Menu
Libération
Rodomontades

La Corée du Nord agite une nouvelle fois la menace nucléaire

Rassemblement de l'armée nord-coréenne devant les statues de Kim Il-sung et Kim Jong-il à l'occasion des 60 ans de la fin de la Guerre de Corée, en juillet 2013. (Photo KCNA. Reuters)
par Clarisse Chick
publié le 16 septembre 2015 à 13h33

La Corée du Nord a confirmé mardi avoir réactivé le complexe nucléaire de Yongbyon, à 100 km au nord de Pyongyang. Cela inquiète la communauté internationale puisque l’un des réacteurs de cette centrale est considéré comme la principale source de plutonium à potentiel usage militaire. Cette annonce intervient après que le pays a évoqué un possible lancement de satellites, relançant les spéculations sur une tentative de tir de fusée à longue portée, ce qui constituerait une violation des résolutions des Nations unies: le pays a interdiction de faire usage de la technologie des missiles balistiques. Devant cette double menace, Washington a clairement averti Pyongyang qu’il s’exposait à de nouvelles sanctions internationales.

La Corée du Nord se défend en insistant sur le fait que ses tirs de fusée viseraient uniquement à mettre sur orbite des satellites à usage non militaire, alors que la communauté internationale voit cela comme des essais de missiles balistiques déguisés. Aucune date n'a encore été fixée mais les observateurs estiment que le lancement du satellite par le Nord aurait lieu probablement le 10 octobre, 70e anniversaire de la création du Parti des travailleurs par Kim Il Sung et au pouvoir depuis la fin de la deuxième guerre mondiale. Séoul a rapidement fait savoir que si son voisin travaillait réellement au lancement d'une nouvelle fusée, ce serait un «acte grave de provocation». Ces nouvelles tensions interviennent trois semaines après que les deux pays ont signé un rare accord pour détendre et désamorcer les tensions frontalières, qui avaient failli mener à un conflit ouvert entre les deux pays.

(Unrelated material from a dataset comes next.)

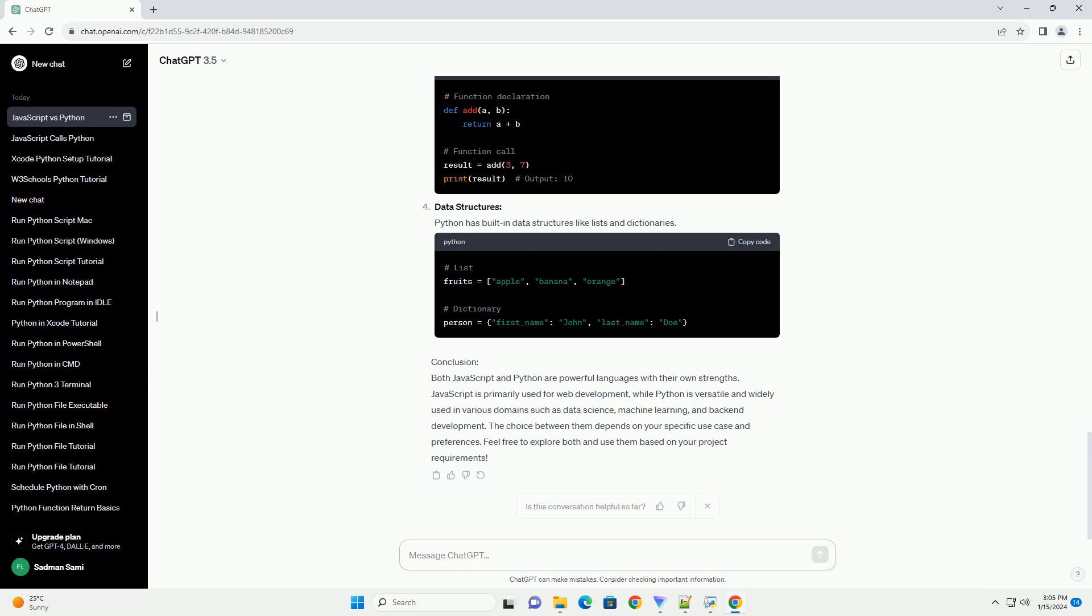Functions: Functions in Python are declared using the def keyword. They can accept parameters and return values. Data Structures: Python has built-in data structures like lists and dictionaries.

Le réacteur de ce complexe nucléaire avait été fermé en 2007 dans le cadre d'un accord qui prévoyait un désarmement nucléaire du pays en échange d'une aide humanitaire. La Corée du Nord avait ensuite violé cet accord en commençant des travaux de rénovations après son dernier essai nucléaire en 2013. Le plus inquiétant est que ce complexe compte un réacteur capable de produire six kilogrammes de plutonium par an, soit une quantité suffisante pour une bombe. Le directeur de l'institut de l'énergie atomique a menacé: «Si les Etats-Unis et les autres forces hostiles continuent à mettre en œuvre leur politique hostile irresponsable, (la Corée du Nord) se tient prête à riposter à n'importe quel moment avec l'arme nucléaire.»

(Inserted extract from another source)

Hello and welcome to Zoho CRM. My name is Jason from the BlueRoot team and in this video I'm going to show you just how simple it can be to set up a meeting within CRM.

D’après les observateurs, la date de l’annonce de cette double menace a été soigneusement calculée, pour s’inviter indirectement au sommet sino-américain qui a lieu en ce moment à Los Angeles. La Corée du Nord veut faire de la question coréenne le premier sujet de discussion entre les deux grandes puissances. Pourtant, si la Chine, principal allié diplomatique de Pyongyang, l’a toujours protégé de sanctions internationales plus lourdes, elle met en garde le régime contre toute inutile surenchère.

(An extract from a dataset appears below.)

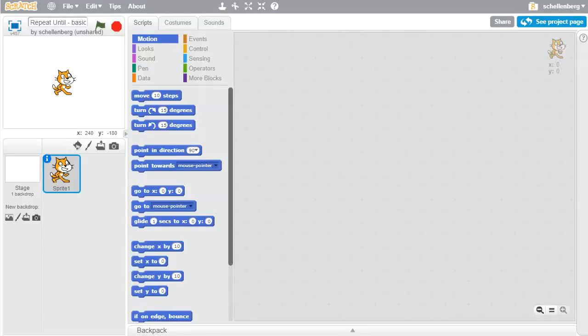In our previous examples, when we used the repeat block, we had it repeat a certain number of times. For example, when we drew a square, we used repeat 4, had it move and turn left by 90 degrees, and we just repeated that process 4 times.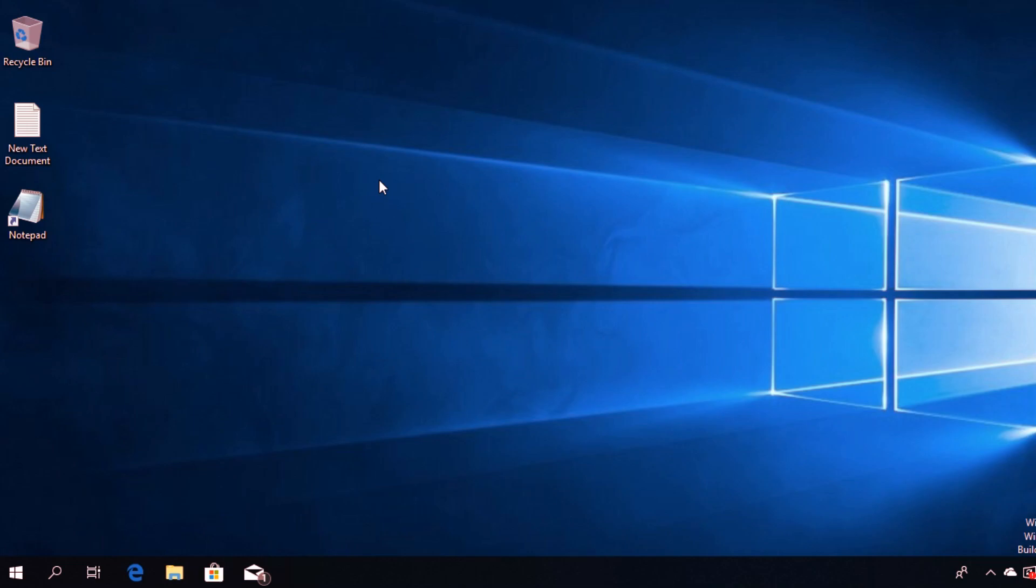I'm going to show you a very simple solution: rebuilding the icon cache in Windows 10. It's very simple to do. What you have to do is access This PC.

La Corée du Nord est coutumière de provocations vis-à-vis de la communauté internationale. Si elle était signataire du Traité de Non Prolifération (TNP) en 1968, elle s’en est retirée le 10 janvier 2003. Depuis, elle a réalisé trois essais nucléaires souterrains, même après avoir signé à Pékin, en février 2007, un accord ouvrant la voie à une dénucléarisation de la péninsule. Mais si le pays joue des muscles par des démonstrations de force et des images souvent truquées il faut savoir séparer les fantasmes de la réalité, concernant un pays qui fait partie des 30 plus pauvres de la planète, avec un PIB de 30 milliards de dollars, équivalent de celui de l’Afghanistan. Les discours va-t-en-guerre de Pyongyang font partie de sa rhétorique politique, mais ne se traduisent pas dans une escalade militaire réelle. Le pays en fait cherche surtout à capter l’attention de la communauté internationale et à monnayer son pouvoir de nuisance.

En mars 2013, Pyongyang avait ainsi fait croire à l’imminence d’une crise nucléaire, en diffusant une photo de Kim Jong-un signant l’autorisation d’attaquer les Etats-Unis par une frappe nucléaire. Mais la Corée du Nord ne dispose pas des moyens nécessaires pour mener à bien une telle attaque, ses missiles n’étant pas assez puissants pour atteindre les Etats-Unis.